R (Paul and others) v Assistant Deputy Coroner of Inner West London [2007] EWCA Civ 1259

CA: Waller, Latham and Dyson LJJ: 28 November 2007


{R 37 of the Coroners Rules 1984 was a complete code as to when documents could be put directly in evidence by a coroner without calling a witness. Hearsay evidence in documentary form which the coroner considered likely to be disputed could not simply be read to the jury even where the maker of the statement was unable to attend but must be put in evidence by a witness.

The Court of Appeal so stated when giving reasons for dismissing on 26 November 2007 the appeal of the Assistant Deputy Coroner of Inner West London against a decision of the Administrative Court (Thomas LJ and Aikens J) on 20 November 2007 [2007] EWHC 2721 (Admin) allowing the application for judicial review by Jean and Giselle Paul and the Ritz Hotel Ltd of a decision by the Assistant Deputy Coroner of Inner West London on 7 November 2007.
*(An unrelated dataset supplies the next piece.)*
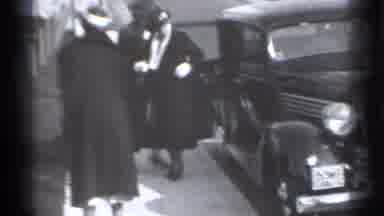 New York (1939): Person In Big Black Cot Coming Out Of Her Car Father Some Meson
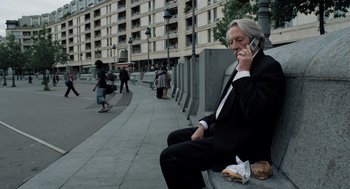 Movie still from “Mr. Bean's Holiday” (2007), directed by Steve Bendelack – An older man sitting on a bench talking on a cell phone; Medium shot, Low angle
The coroner had ruled that r 37 of the Coroners Rules 1984 did not apply to restrict his common law power to admit into evidence hearsay statements in documentary form of witnesses who could not be found or who could not be compelled to attend by reading them out to the jury. The Administrative Court held that the statements could not simply be admitted by reading them but had to be admitted by calling a witness.
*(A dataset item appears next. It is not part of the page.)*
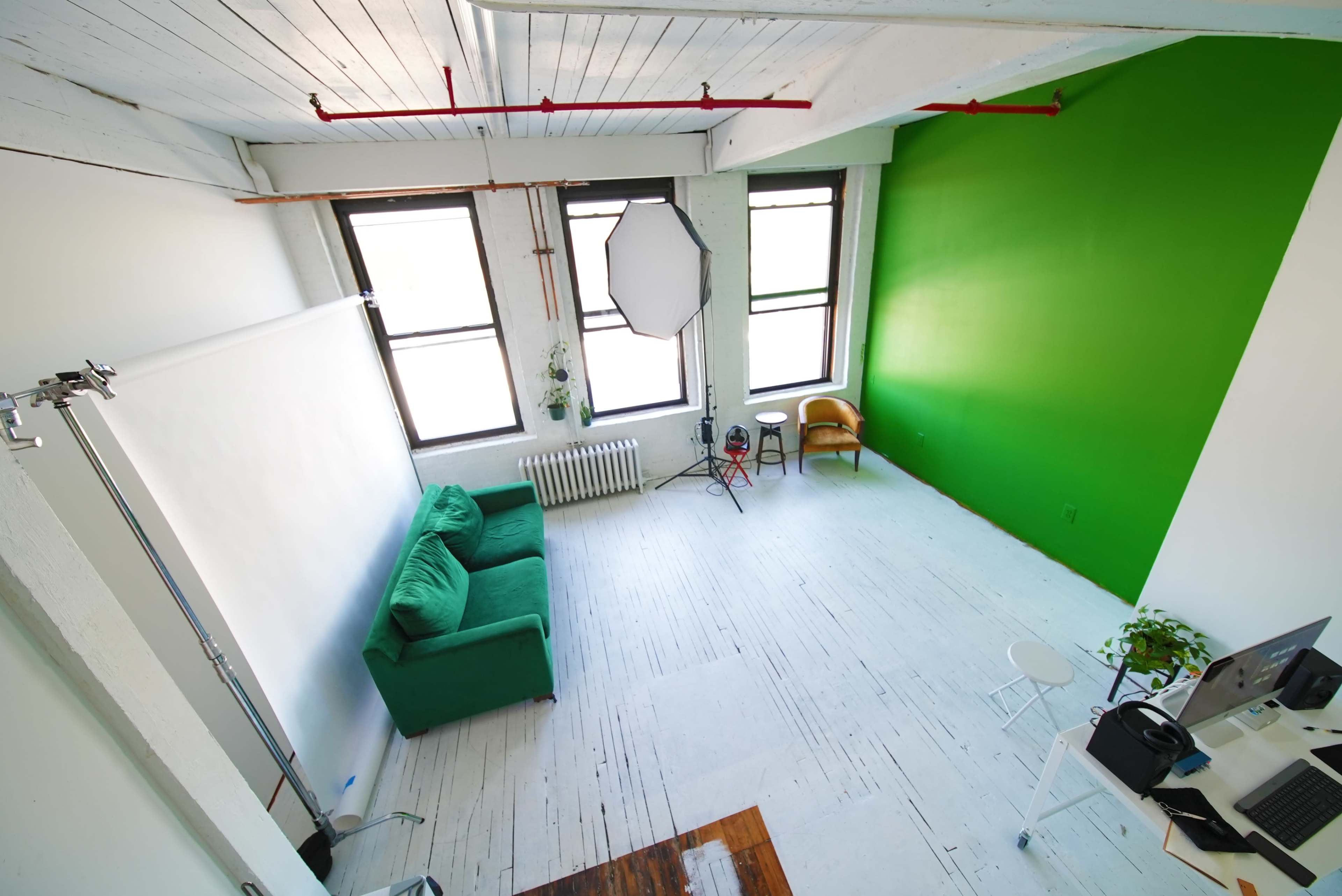 A bright, spacious studio with a green accent wall, a green sofa, a white workspace, and a light setup.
WALLER LJ said that there was no issue that at common law the coroner had the power to admit hearsay evidence. The appeal was not about the admission of hearsay evidence but the way in which that hearsay evidence could be placed before the jury. The claimants submitted that so far as documentary evidence was concerned , it could only be put in evidence directly by the coroner if it fell within r 37 of the 1984 Rules. The coroner contended that r 37 did not deprive him of his power to put hearsay evidence before the jury by any method he chose, including simply by reading from a document. If not, r 37 should be read purposefully to allow the coroner to read statements without calling a witness. His Lordship concluded that so far as documentary evidence was concerned r 37 was a complete code as to when documents could be put directly in evidence without calling a witness. It covered all documents both controversial and uncontroversial. It did not allow the admission of hearsay evidence in documentary form directly by the coroner which he considered likely to be disputed even where the maker was unable to attend.
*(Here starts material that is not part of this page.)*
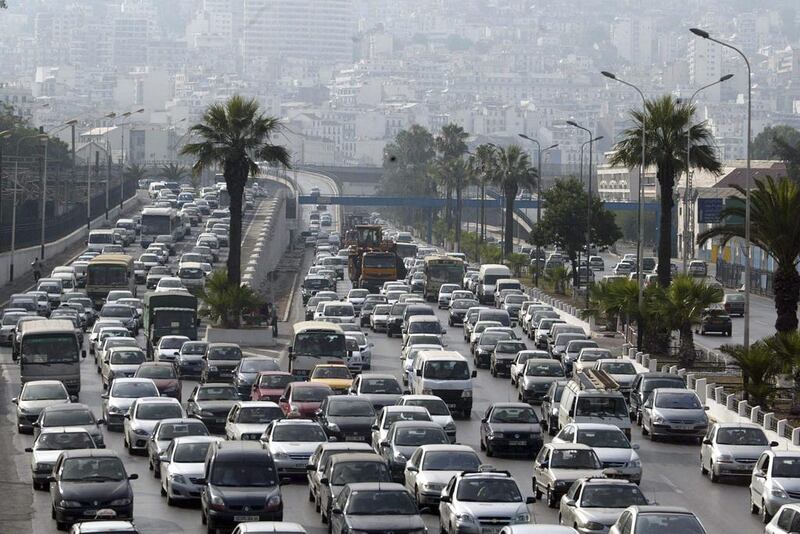 A traffic jam in Algiers, Algeria. In February, the government said it was considering cutting petrol subsidies as part of its economic reforms. Anis Belghoul / AP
DYSON and LATHAM LJJ agreed.



Appearances: Ian Burnett QC and Jonathan Hough ( Field Fisher Waterhouse) for the coroner; Richard Keen QC and Robert Weekes (Stuart Benson & Co, Reading) for Mr and Mrs Paul; Michael Beloff QC and Tom de la Mare (Barlow Lyde & Gilbert) for the Ritz Hotel Ltd; Edmund Lawson QC and Duncan Macleod (Directorate of Legal Services, Metropolitan Police) for the Commissioner of Police of the Metropolis.